Between January 2023 and December 2025 the share of online gross gaming revenue attributed to legal operators rose from around 8% to over 50%. PAGCOR also introduced measures to deter speculative licences, is decoupling its operator role from its regulator role, and is rolling out responsible-gaming tools including a 24-hour hotline and AI monitoring of player behaviour.
Key Points
- Licence-fee cuts: PAGCOR reduced online licence fees progressively from outrageously high rates down to 30%, widening the taxable base and encouraging legal entry.
- PAGCOR Guarantee: a public verification platform helps players confirm whether an operator is licensed, improving transparency and trust.
- POGO ban and enforcement: the 2024 ban on offshore gaming and closer co-ordination with the Philippine National Police, Bureau of Immigration and NBI have driven down illegal activity.
- Responsible gaming measures: outdoor-advert bans on ‘big win’ marketing, a forthcoming 24-hour hotline, deposit limits, self-exclusion and AI monitoring to protect players.
- Market discipline: a PHP9.5m minimum guarantee for inactive licence-holders discourages speculation and frees capacity for genuine operators.
- Decoupling operator/regulator: PAGCOR plans to divest its casinos to remove conflicts of interest and boost regulatory credibility, subject to government approval and worker protections.

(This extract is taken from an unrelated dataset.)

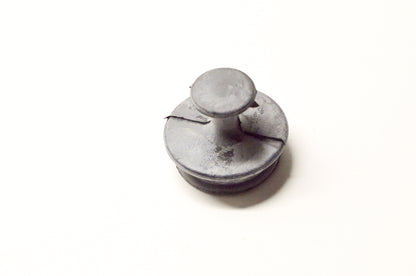 OEM Yamaha 2HR-25188-00-00 Cap NOS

- Strict KYC and one-strike policy: enforcement includes licence cancellations for major breaches such as poor KYC or revenue under-reporting.
Why should I read this?
Want to know how a regulatory body actually turned the tables on a booming black market? This is it — a practical playbook: cut punitive fees, make licences visible, crack down on the rogues and show you mean business. Short version: it worked, and it’s relevant if you care about regulation, market recovery or responsible gambling. We’ve read the detail so you don’t have to.
Context and Relevance
The Philippines has long been a cautionary tale for online-gaming regulation. Tengco’s reforms show how aligning commercial incentives with enforcement and player protection can pull revenue back into the legal economy. The case matters beyond the Philippines: it demonstrates a model for jurisdictions wrestling with illegal operators, shows practical steps for restoring trust, and highlights the governance question of separating operator and regulator roles — an issue many markets still face.